The Air I Choose to Breath

I learned about sustainability in the backseat of a car in Lagos. We thought the harmattan had hit heavy that year because of the fog, but this was not fog. It was smoke, thick enough to taste, hanging low over the expressway. My twin sister and I told my dad to wind up the windows. He laughed and said, “This is Nigeria. This is normal.” It was not normal to me. I questioned him and asked why it had to be that way. He said, “That is how it is.” I told him this was dangerous to people’s health and that it could be managed. My twin sister backed me up. I made sure my point was heard, because I knew that smoke was harmful, especially to the people walking around in it with no protection. Living between Lagos and California taught me that clean air is not a given. It is designed, protected, or destroyed by daily choices. In Lagos, I saw what happens when systems fail and people stop questioning. At Chapman University, I see what happens when public buses run on time and students choose them over Ubers and I choose them too.

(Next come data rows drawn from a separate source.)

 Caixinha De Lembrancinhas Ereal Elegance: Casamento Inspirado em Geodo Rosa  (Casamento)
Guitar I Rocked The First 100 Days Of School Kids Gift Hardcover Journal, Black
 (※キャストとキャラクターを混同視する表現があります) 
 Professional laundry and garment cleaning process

Sustainability, to me, is the refusal to call broken things normal. It shows up in small ways before it shows up in policy. After my father’s 65th birthday, the venue was left in a mess. My sisters and I took it upon us to clean, even though staff could have done it. No one asked us. But I cannot talk about cleaner cities if I do not clean the room I am in. That mindset travels with me. For my international placement at the University of Manchester, I have already researched my footprint. I have booked a direct flight to reduce emissions instead of the cheaper route with two layovers. I will be staying in a dorm close to campus so I can walk to class and reduce daily transit emissions. I have packed a steel water bottle and tote bag, and I intend to buy a travel power strip to monitor energy use. These choices align with UN SDG 12: Responsible Consumption and Production, because how I move is how I consume.

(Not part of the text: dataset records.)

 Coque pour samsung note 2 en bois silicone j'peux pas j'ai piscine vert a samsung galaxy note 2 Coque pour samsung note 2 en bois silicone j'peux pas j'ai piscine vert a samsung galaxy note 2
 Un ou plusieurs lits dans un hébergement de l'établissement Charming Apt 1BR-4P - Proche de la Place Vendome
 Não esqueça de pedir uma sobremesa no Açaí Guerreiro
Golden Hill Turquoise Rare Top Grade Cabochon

Once there, I will buy from local markets instead of imported chains, join community cleanups if they exist, and document which sustainability habits are cultural versus structural. That speaks to UN SDG 11: Sustainable Cities and Communities. I study International Business Relations because I want to understand why some cities breathe easier than others. That curiosity is UN SDG 13: Climate Action in practice. I am not going abroad to be perfect. I am going to be consistent. One goal, one priority. Why one? Because sustainable change does not happen when one person does everything. It happens when many people refuse to ignore the air they breathe. My goal is to return with one policy idea and one personal habit that I did not have before, and to share both.